#### [Work item]
Restate word for word the lines below that run from the one holding "Hey what's up, Shad" through the one holding "So it was just", inclusive. Pictures don't belong in the copy.

[Start of section]

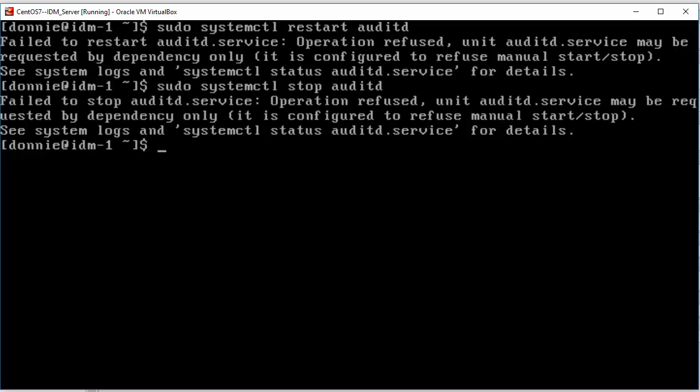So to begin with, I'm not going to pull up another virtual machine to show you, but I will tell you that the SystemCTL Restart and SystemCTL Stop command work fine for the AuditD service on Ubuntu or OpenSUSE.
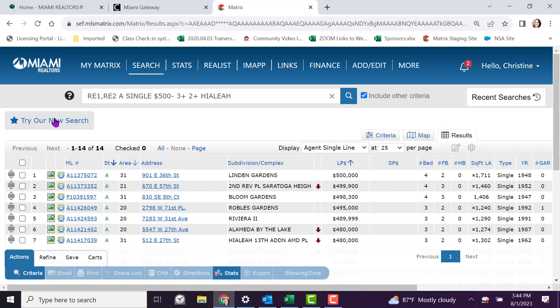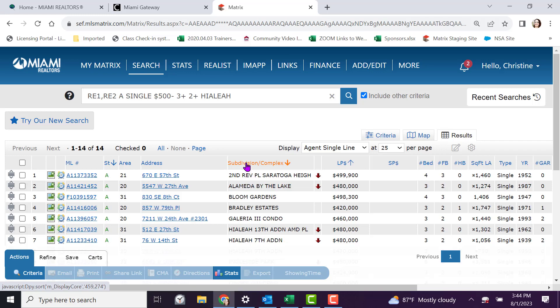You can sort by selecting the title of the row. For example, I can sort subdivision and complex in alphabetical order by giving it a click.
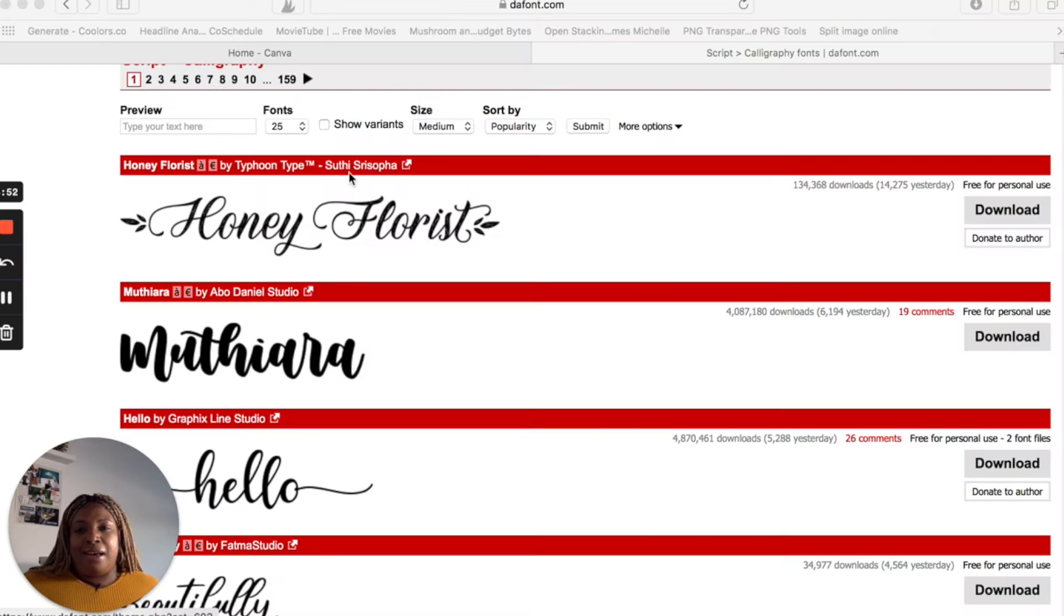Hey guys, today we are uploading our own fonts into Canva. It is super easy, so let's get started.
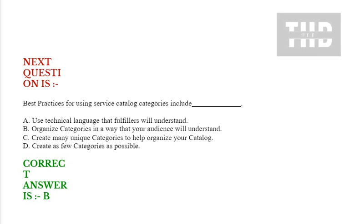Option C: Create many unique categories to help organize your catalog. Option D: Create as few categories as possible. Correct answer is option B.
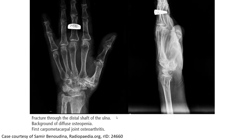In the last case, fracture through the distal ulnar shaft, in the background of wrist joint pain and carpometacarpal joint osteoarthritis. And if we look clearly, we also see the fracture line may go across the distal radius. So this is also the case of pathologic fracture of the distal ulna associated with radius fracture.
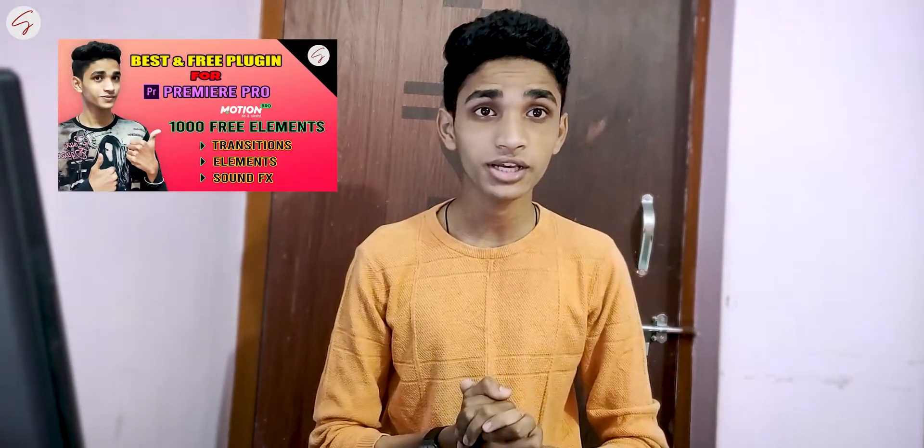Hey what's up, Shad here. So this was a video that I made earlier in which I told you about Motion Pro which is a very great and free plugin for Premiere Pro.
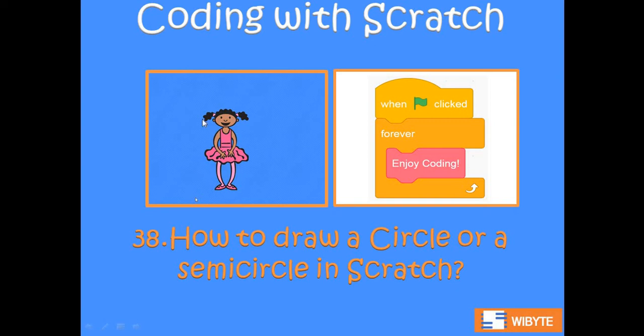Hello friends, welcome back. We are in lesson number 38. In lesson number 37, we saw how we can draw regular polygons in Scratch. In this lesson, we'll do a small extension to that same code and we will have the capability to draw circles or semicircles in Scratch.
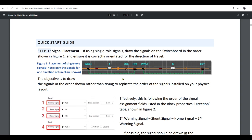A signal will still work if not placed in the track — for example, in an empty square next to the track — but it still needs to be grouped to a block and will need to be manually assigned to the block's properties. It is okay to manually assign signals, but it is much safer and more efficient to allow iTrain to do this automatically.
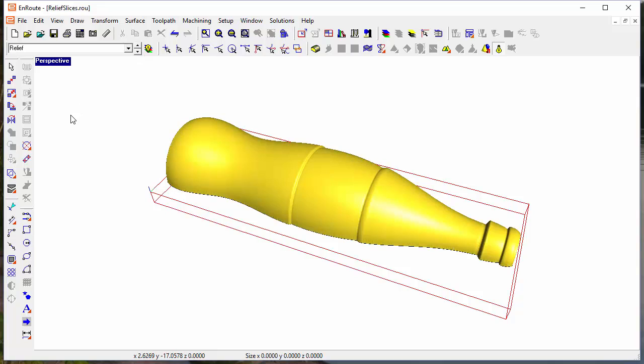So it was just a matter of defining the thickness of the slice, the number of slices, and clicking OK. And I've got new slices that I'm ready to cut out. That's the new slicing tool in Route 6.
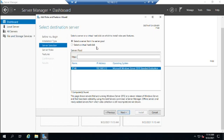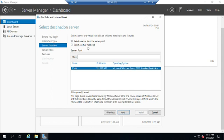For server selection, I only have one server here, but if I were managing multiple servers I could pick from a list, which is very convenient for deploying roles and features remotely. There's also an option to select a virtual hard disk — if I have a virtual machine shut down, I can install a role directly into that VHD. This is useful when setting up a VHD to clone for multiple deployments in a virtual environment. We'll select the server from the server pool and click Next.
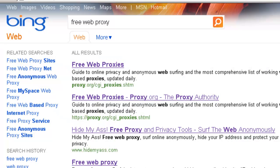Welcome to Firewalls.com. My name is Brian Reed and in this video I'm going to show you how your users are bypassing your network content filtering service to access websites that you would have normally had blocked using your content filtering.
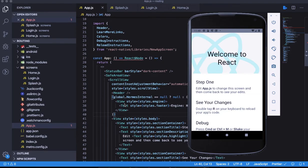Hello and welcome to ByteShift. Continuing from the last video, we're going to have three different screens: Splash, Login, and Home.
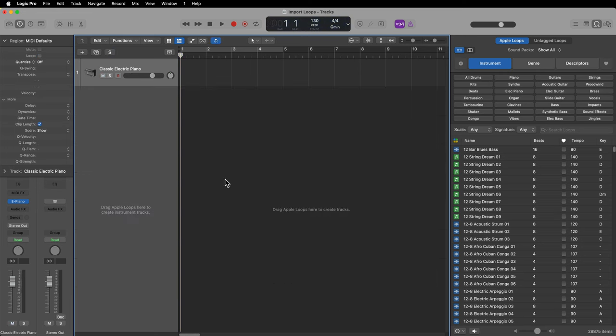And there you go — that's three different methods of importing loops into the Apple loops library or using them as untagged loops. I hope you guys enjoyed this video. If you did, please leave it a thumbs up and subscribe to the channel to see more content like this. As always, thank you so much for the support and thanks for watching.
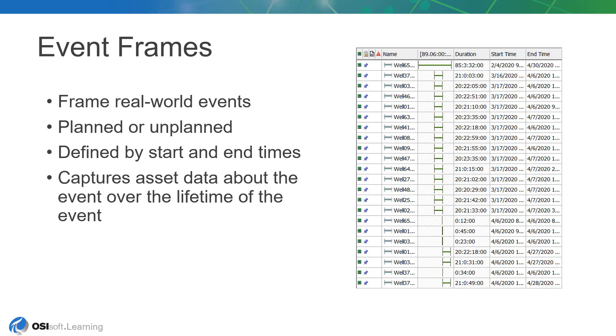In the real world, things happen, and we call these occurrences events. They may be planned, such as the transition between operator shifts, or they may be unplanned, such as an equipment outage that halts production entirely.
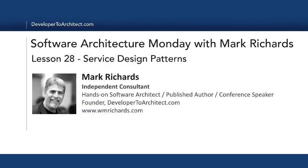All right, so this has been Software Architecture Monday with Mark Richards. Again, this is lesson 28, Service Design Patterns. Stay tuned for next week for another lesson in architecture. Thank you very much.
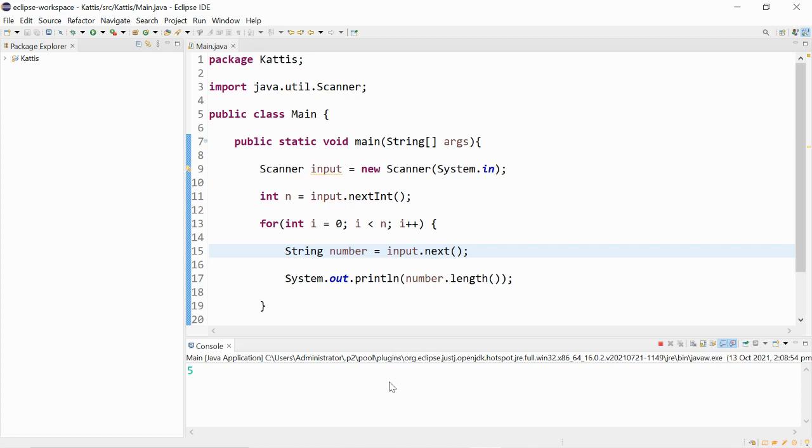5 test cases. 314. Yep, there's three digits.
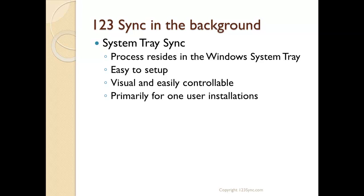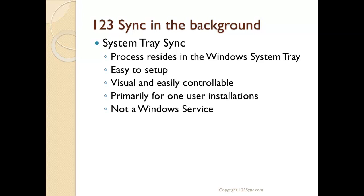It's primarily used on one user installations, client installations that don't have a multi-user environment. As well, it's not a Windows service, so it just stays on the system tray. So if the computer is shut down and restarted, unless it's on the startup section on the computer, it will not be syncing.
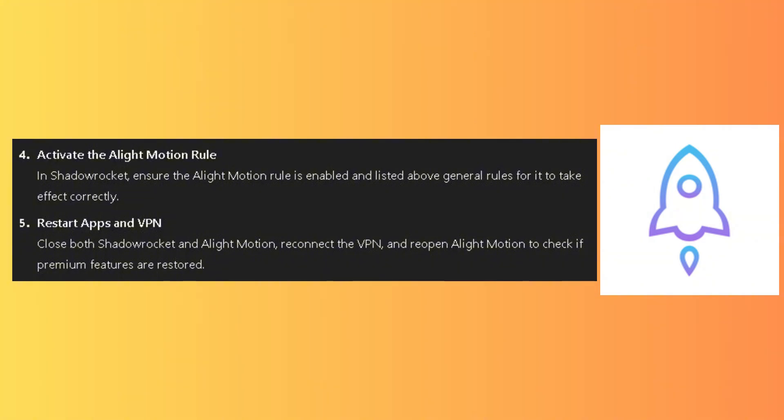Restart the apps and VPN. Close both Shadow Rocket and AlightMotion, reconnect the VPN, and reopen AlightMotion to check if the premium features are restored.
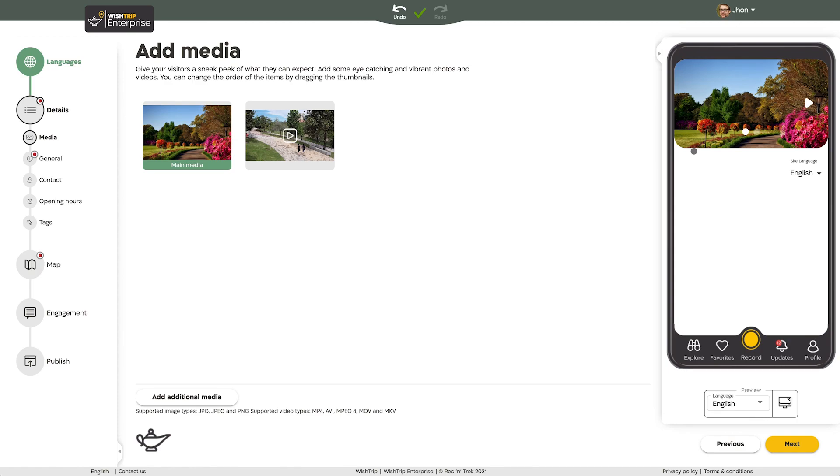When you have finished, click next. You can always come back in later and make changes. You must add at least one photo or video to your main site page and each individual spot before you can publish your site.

[End of section]

#### [Result of this task]
Hey what's up, Shad here. So this was a video that I made earlier in which I told you about Motion Pro which is a very great and free plugin for Premiere Pro.
Hello friends, welcome back. We are in lesson number 38. In lesson number 37, we saw how we can draw regular polygons in Scratch. In this lesson, we'll do a small extension to that same code and we will have the capability to draw circles or semicircles in Scratch.
A signal will still work if not placed in the track — for example, in an empty square next to the track — but it still needs to be grouped to a block and will need to be manually assigned to the block's properties. It is okay to manually assign signals, but it is much safer and more efficient to allow iTrain to do this automatically.
So it was just a matter of defining the thickness of the slice, the number of slices, and clicking OK. And I've got new slices that I'm ready to cut out. That's the new slicing tool in Route 6.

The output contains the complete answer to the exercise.